![Piratage de Sony : Pyongyang y es-tu ? Piratage de Sony : Pyongyang y es-tu ?](/data/posts/2022/07/19/1658254462_Piratage-de-Sony-Pyongyang-y-es-tu.png)
La décision de Sony d’annuler la sortie du film "The Interview" a été perçue aux États-Unis comme une victoire pour la Corée du Nord. L’administration américaine semble, en effet, penser que Pyongyang est impliqué. Mais rien n’est moins sûr.
Pyongyang ou pas Pyongyang ? La décision de Sony Pictures d’annuler, mercredi 17 décembre, la sortie de "The Interview" a été perçue par un grande partie des médias américains comme une victoire sans précédent pour la Corée du Nord. L’administration Obama serait convaincue que le régime nord-coréen a joué un rôle central dans le piratage, fin novembre, de Sony Pictures, d’après le "New York Times".

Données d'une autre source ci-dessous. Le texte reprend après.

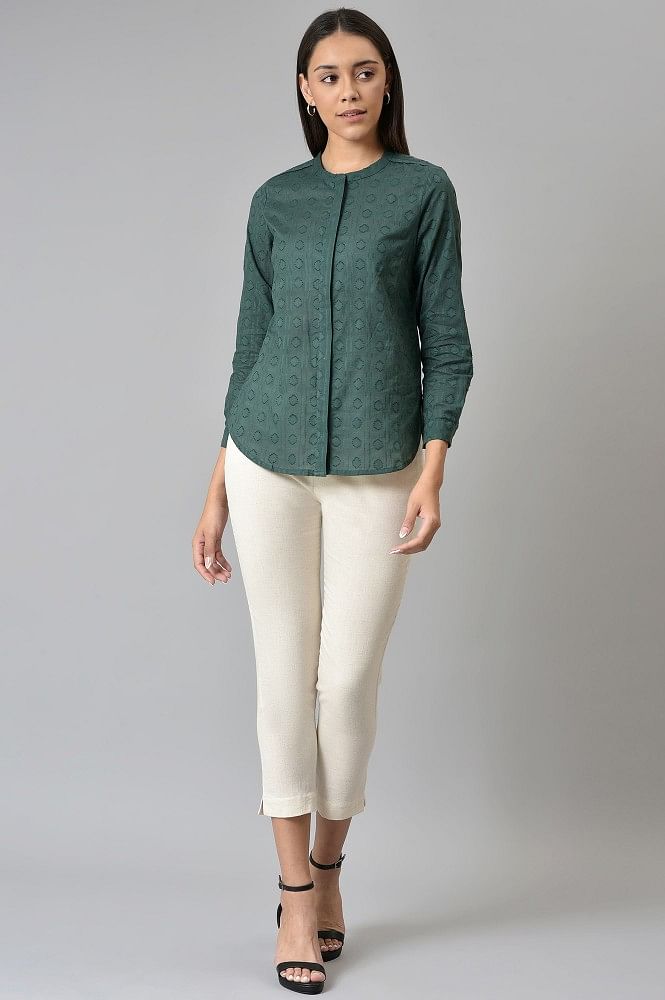 Buy Dark Green Cotton Dobby Textured Shirt In Mandarin Collar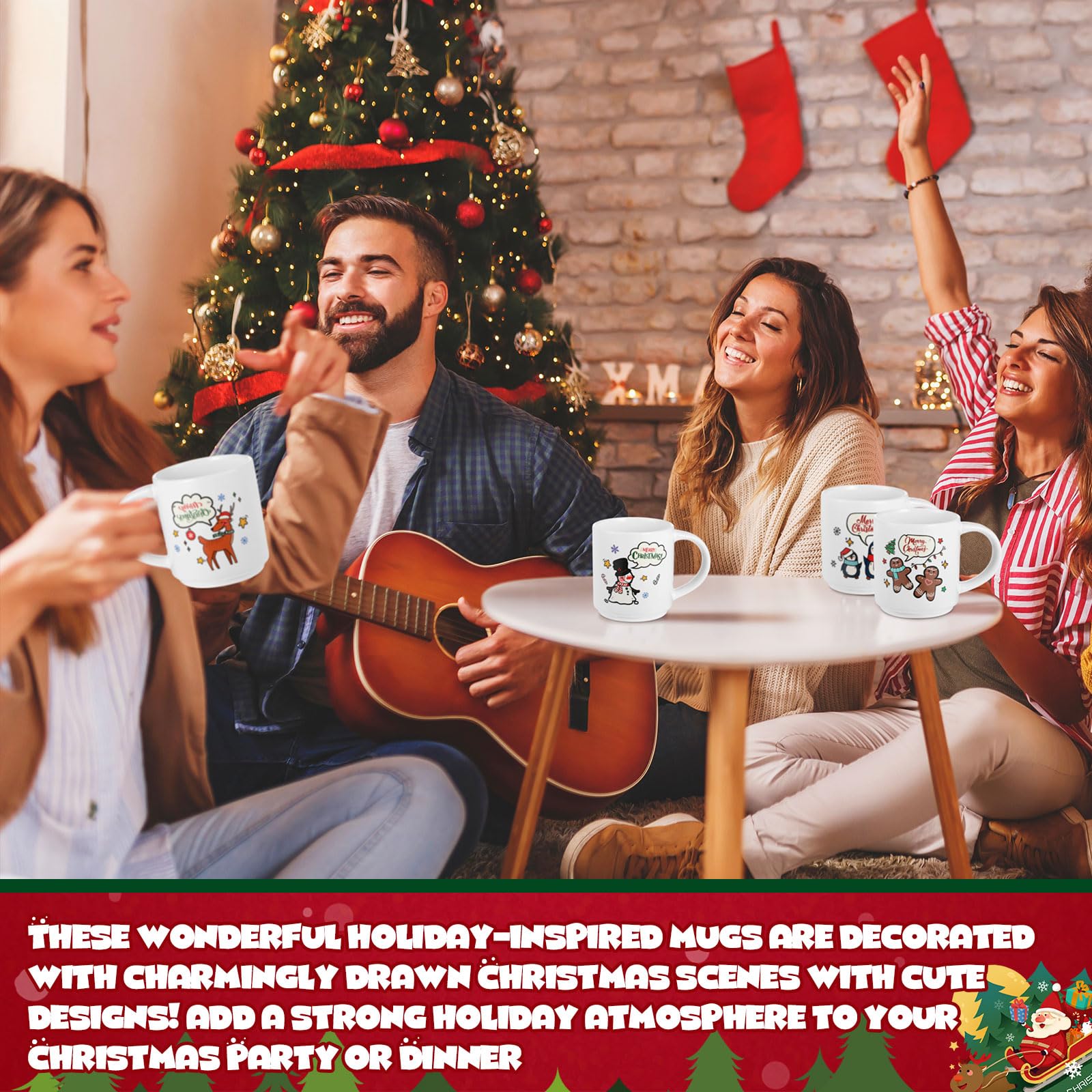 Yungyan 10 Stück Keramik-Weihnachtstassen, 266 ml, Weihnachts-Kaffeetassen, Schneeszene, Rentier, wiederverwendbare Feiertagstassen, Großpackung mit festlichen Designs, Tassen für Weihnachten, Tisch,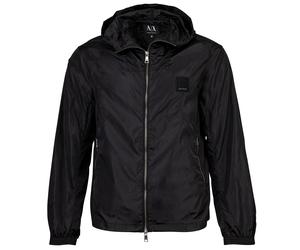 AIX ARMANI EXCHANGE Herren Windjacke - Übergangsjacke mit Kapuze, Blouson, Reißverschluss, Logo Schwarz / XL XL Schwarz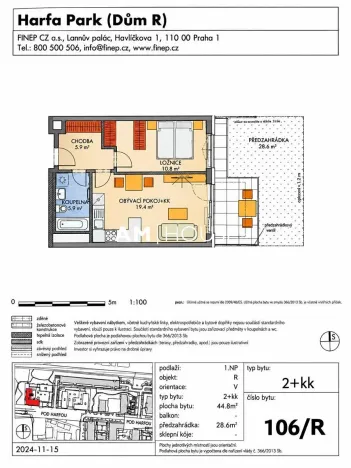 Prodej bytu 2+kk, Praha - Vysočany, Pod Harfou, 45 m2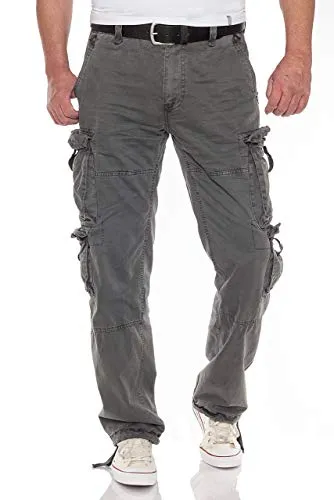 Jet Lag Herren Cargohose FW-012, Farbe:Charcoal, W33, L34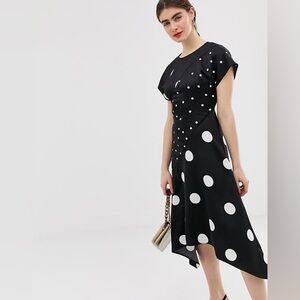 Warehouse Black and White High Low Dress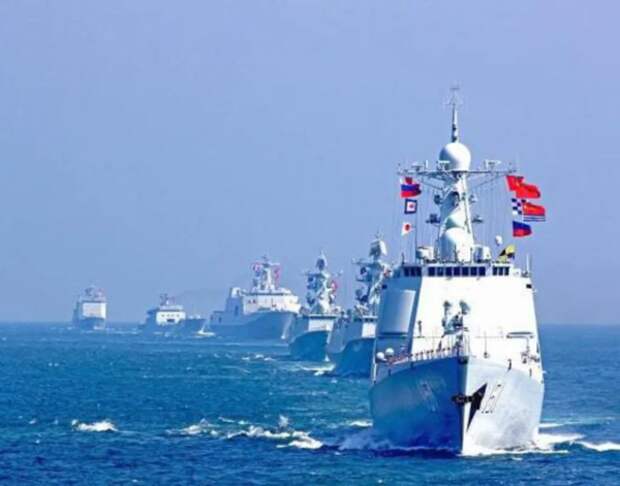 Совместные военно-морские учения России и Китая. Источник изображения: https://vk.com/denis_siniy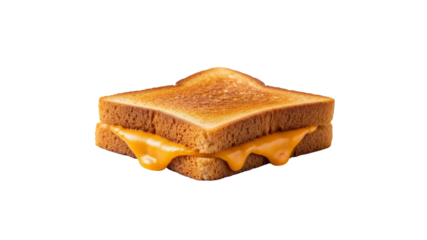 Grilled cheese sandwich oozing with melted cheese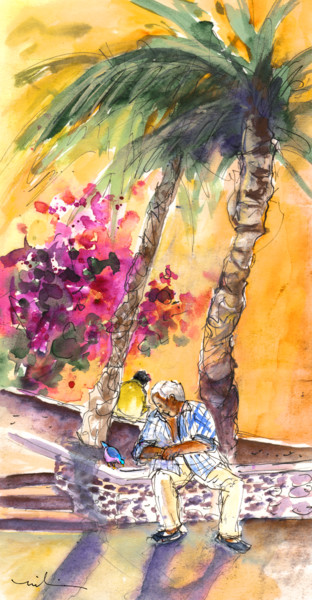 The Old Man and The Bird 绘画 标题为“The Old Man and The…” 由Miki De Goodaboom, 原创艺术品, 水粉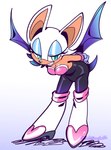 anthro breasts cleavage clothed clothing eyeshadow female footwear fur gloves handwear looking_at_viewer makeup narrowed_eyes simple_background solo tan_body tan_skin white_body white_fur wings setispaghetti sega sonic_the_hedgehog_(series) rouge_the_bat bat mammal hi_res signature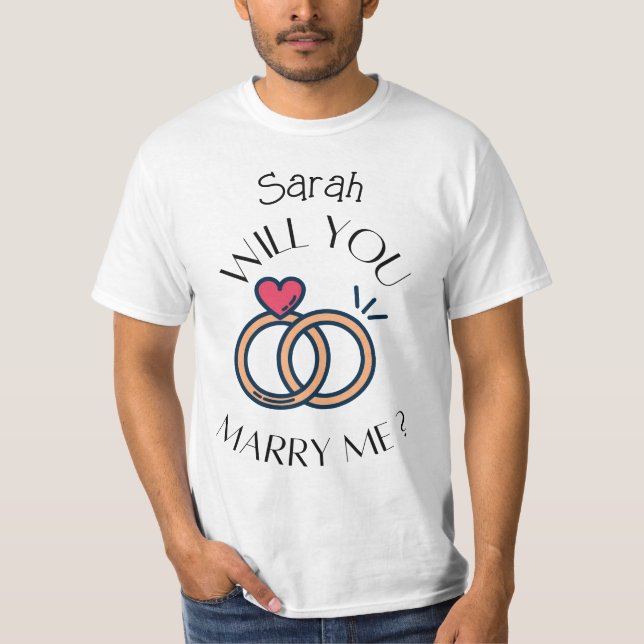 Você Me Casado Camisa, Camiseta ProPosal Personali (Frente)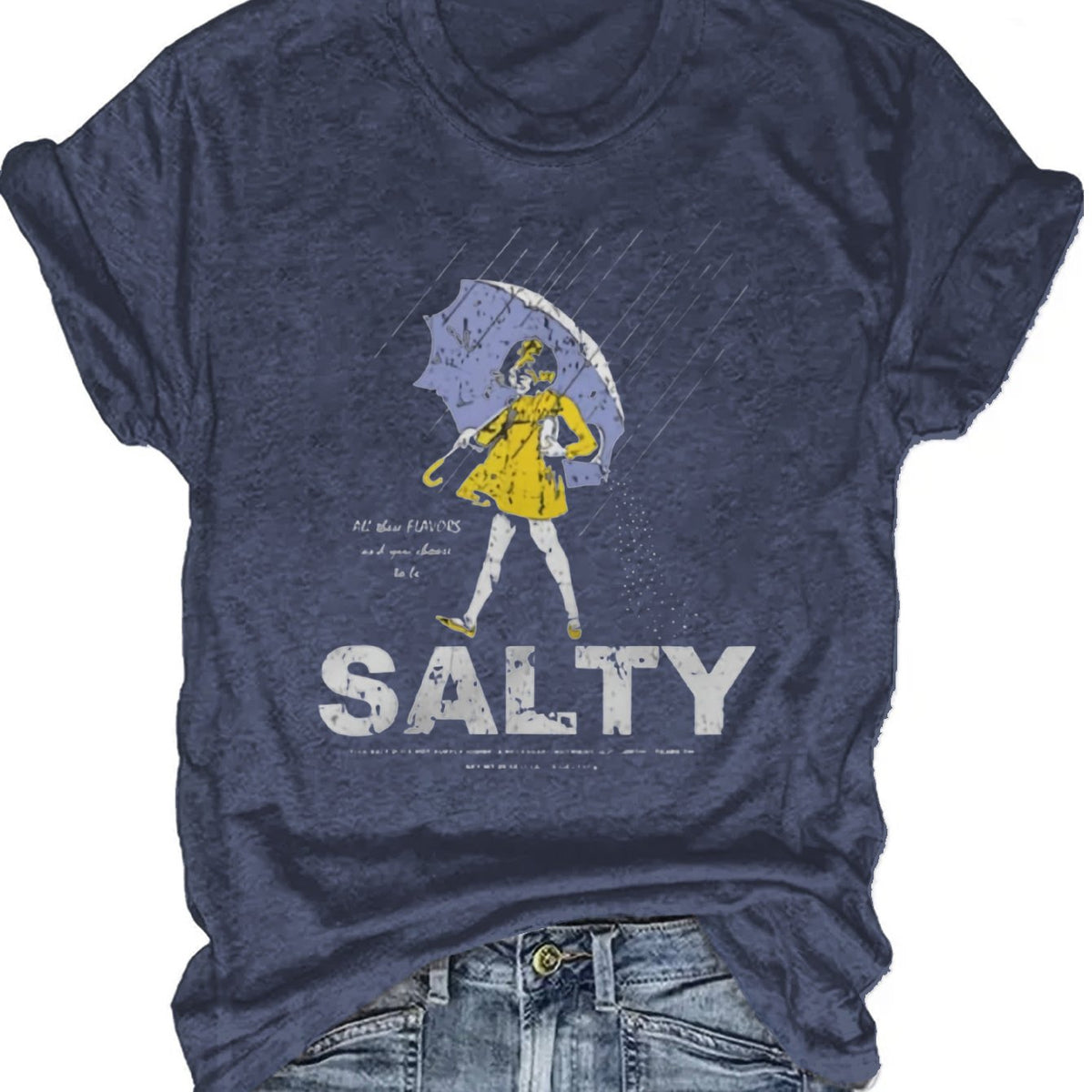 Salty with Umbrella Graphic Tee - Vintage Style Summer Beachwear for Trendy Women, Perfect for Vacation and Everyday Wear, ed T-shirt SS69 13.69 Navy Blue / XXL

Le célèbre quotidien de la côte Est rapporte que le gouvernement en serait déjà à penser les différentes options de rétorsion contre la Corée du Nord. La volonté américaine de répondre au piratage serait d’autant plus forte, d’après le "New York Times", que le groupe derrière le piratage, les "Guardians of Peace", aurait tout de même réussi à faire plier Sony Pictures et mis le tout Hollywood en émoi.
"Faisceau d’indices"
La thèse de l’implication de Pyongyang repose sur un "faisceau d’indices qui la rend crédible", reconnaît Gérôme Billois, expert du Cercle européen de la sécurité informatique et consultant senior pour la société française Solucom. Il y a le mobile : empêcher la sortie d’un film qui met en scène la mort de Kim Jong-un, le leader du régime. Et il y a les détails techniques. "Les assaillants ont utilisé les mêmes logiciels malveillants et techniques que lors d’une attaque informatique contre la Corée du Sud en mars 2013", rappelle Gérôme Billois. À l’époque, déjà, la Corée du Nord avait été pointée du doigt.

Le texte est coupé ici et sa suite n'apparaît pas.